Every programmer writes code every day. But, writing code is not enough. Writing good and reusable code is important. If you don’t know how to write reusable code, don’t worry this blog will help you. In this blog we will learn Bridge pattern. It is one of the design patterns which helps to write small and reusable methods. We will use java to implement one bridge design pattern example.

What is bridge design pattern?

Bridge design pattern is one of the Structural design patterns. As the name suggests, bridge design pattern is used to connect two pieces of code. Also, sometimes we need to separate the code so that it is reusable and easy to maintain. And these separate pieces then can be joined together when needed by bridge design pattern.

Whenever we have two pieces of code with small different behavior, we can use bridge design pattern.

The most important steps in implementing bridge design pattern is to break the code into two parts – Abstraction and Implementation

  • Abstraction : It is the main functionality. It will contain the reference to the implementation. It refers to the core functionality.
  • Implementations : It is the piece of code that performs dynamic behavior. Code which we can take out from core method and implement separately.

Bridge design pattern real life example

For understanding bridge design pattern we can take a real life example. It is very common now a days. Whenever we purchase any smartphone, we get a charger. The charger cable now-a-days can be separated, so we can use it to connect as USB cable to connect other devices.

chargers without bridge patternChargers using bridge design pattern
As shown in image, we have 4 different chargers. 2 for house use and 2 for Car use.

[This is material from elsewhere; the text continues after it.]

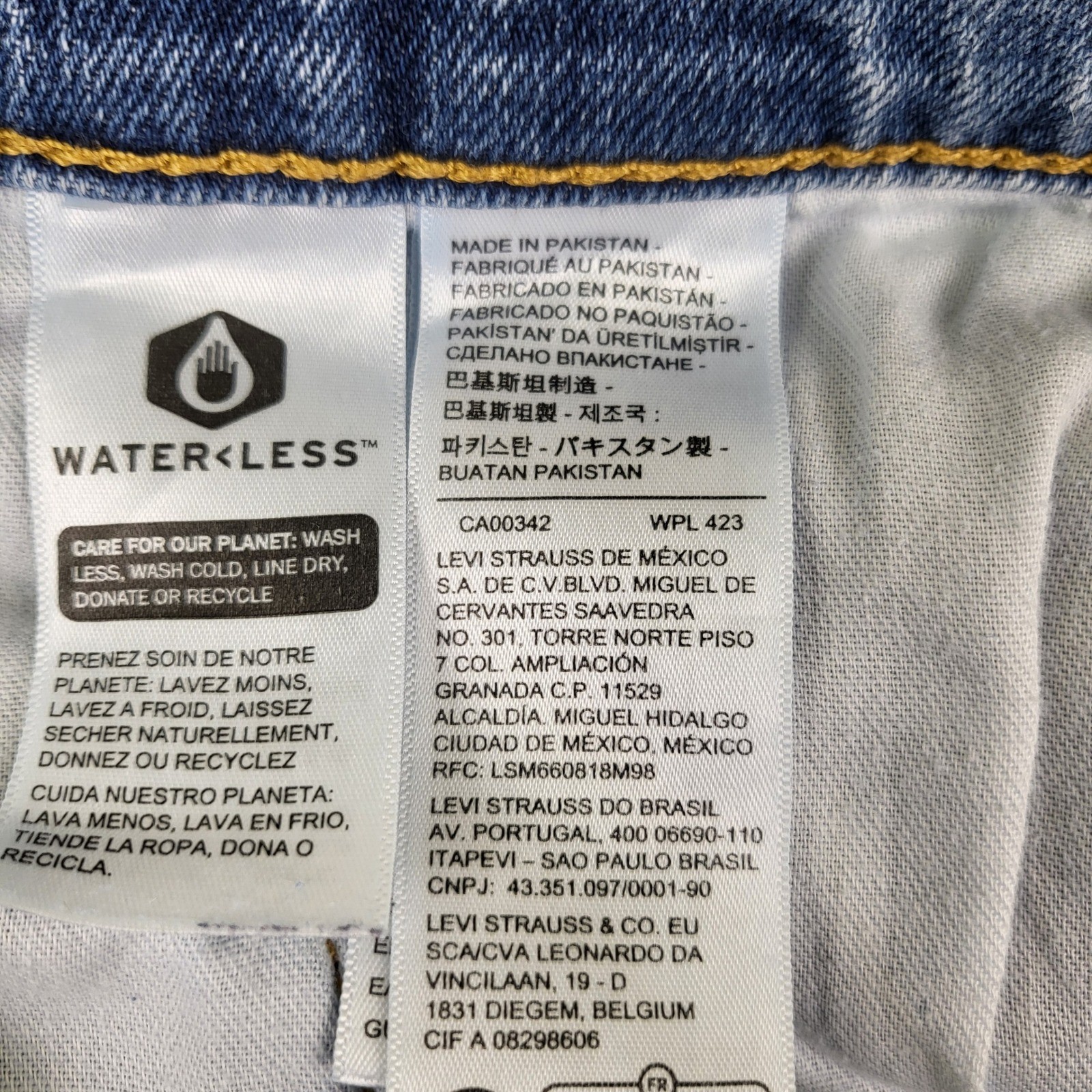 Levi’s 505 Regular Fit Jeans Men 36×30 Blue Excellent WaterLess Denim 00505-2958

If we implement bridge pattern then we just need 1 adapter each for house and for car use.

Similarly, in case of software development there are so many cases, where we need separate things to make more reusable code. In such cases bridge design pattern is used to have communication between the components. 

Bridge design pattern flow diagram

For instance, let’s assume we have 2 classes Class1 and Class2. In these classes only some part of the code is different. You may want to reuse the same code. So the solution we can think of creating some function and use it. As shown in image.

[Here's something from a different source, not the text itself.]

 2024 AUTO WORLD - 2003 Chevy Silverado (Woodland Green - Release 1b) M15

Then the question arises how to write the class to use different method at run time. Do we need conditional statements? No there is another option. We can create another class and pass its object as argument. Then use this object to call the method. Depending on requirement we will pass different object. Even if this sounds complex, it is not. Let us simplify it a bit further.

Software example for bridge pattern

Almost in every application we need to store data. Let’s assume we need to store in 2 different storage mechanisms file and database. Also, before we store, we have to process the object [validation, set some data etc.]. Normally we go with separate classes to do these processes as shown below:

SaveStudentInFile {

checkAccess;

validateObject;

setAuditFields;

openFileToWrite;

writeDataInFile;

closeFile;

return studentId;

}
SaveStudentInDB {

checkAccess;

validateObject;

setAuditFields;

openDbConnection;

storeDataInDb;

closeConnection;

return studentId;

}

We have code for storing Student object into file and database. This is a common scenario. Now let’s assume, that we need to add code to do the same thing for course object also. Then we will need two more classes like SaveCourseInFile and SaveCourseInDB.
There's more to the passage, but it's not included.